Con M McConaughey, N. Watts, J. Gavaris, K. Watanabe, K. Aselton., James Saito, Ami Haruna, O. Burke, S. Garibotto, J. Corazzini, J. Oliveira, S. Dibinga, A. Friedman, J.T. Turner, R. Levine, M. Steven Swanson, J. Stanton.
Drammatico, 110 min. – USA 2015.
L’americano Arthur Brennan raggiunge Aokigahara, un bosco folto e misterioso situato alla base del Monte Fuji, dove la gente si reca per contemplare la vita e la morte. Arthur è convinto che questo sia il posto perfetto per morire, ma dopo l’incontro con Takumi Nakamura, un altro uomo perso come lui, inizierà un percorso di riflessione e sopravvivenza che lo porterà a riaffermare la propria voglia di vivere e riscoprire l’amore per la moglie Joan.
Piacerà agli ammiratori di Van Sant che ritroveranno vari temi preferiti dal Gus. Come la corsa verso la morte (Last Days). E la sottile linea divisoria fra amore omo e etero. E per chi è ammiratore a corrente alternata? Il bosco dei suicidi ha un fosco fascino. E Watanabe compensa gli istrionismi di Matthew.

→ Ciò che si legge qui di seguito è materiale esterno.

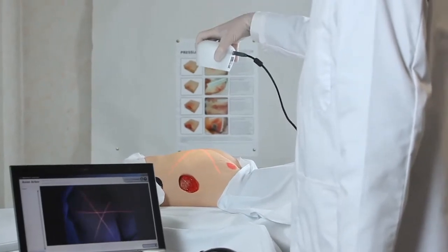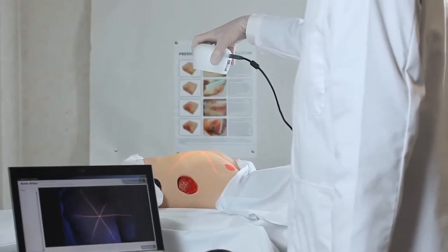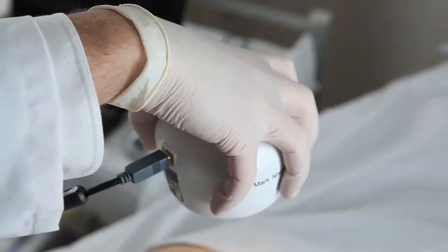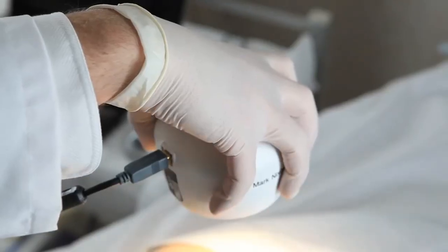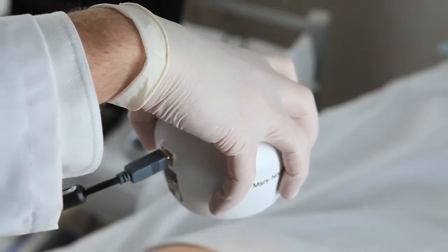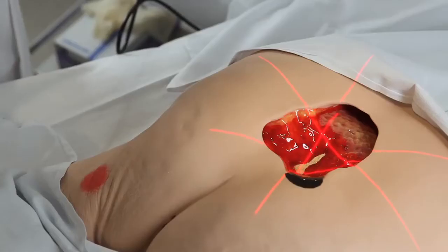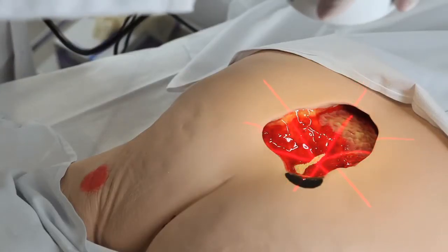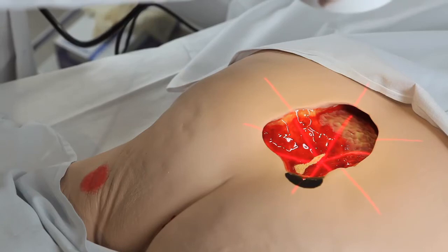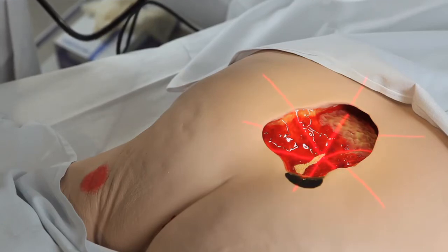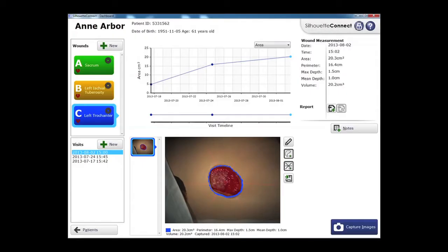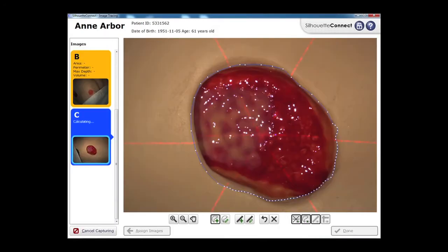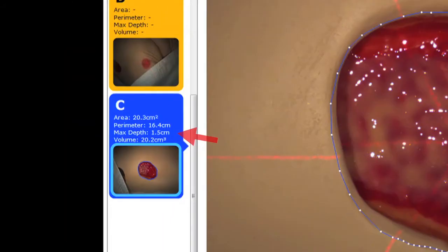The Silhouette Star wound camera takes high-quality images. Using laser technology, Silhouette automatically calculates the area, depth, and volume of wounds and their healing progress. Silhouette offers the gold standard in measurement accuracy, including depth, a critical metric in wound progression.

Giorgio Carbone (Libero del 28 aprile 2016)
Un film, questo di Van Sant insieme con Sparling, molto complesso se non addirittura complicato con risvolti ora esistenziali ora filosofici e forse anche vagamente spirituali. […] Un percorso nel cuore stesso dei personaggi, con precisi ricordi del passato di Arthur con Joan, sempre però in termini asciutti cui Van Sant ha inteso indirizzare la sua regia, attenta a non cedere mai né al sentimentalismo né alla retorica. L’asseconda il protagonista, Matthew McConaughey […].
Gian Luigi Rondi (Il Tempo del 26 aprile 2016)
D’accordo, non è certo l’opera migliore di Gus Van Sant […]. Nel film ci sono due anime che stridono, un eccesso di retorica e qualche colpo basso di troppo. […] il film racconta il bisogno disperato di trascendenza e la necessità di credere in un angelo, o uno spirito guida che ci aiuti a trovare il senso perduto dell’esistenza.
Alessandra De Luca (Avvenire del 17 maggio 2015)
Narrato come un survival, il film conferma il bipolarismo di Van Sant: a volte essenziale fino alla severità (Elephant, Palma d’Oro 2003), altre volte (Scoprendo Forrester) incline a scivolare nel sentimentalismo fin quasi alla sdolcinatura.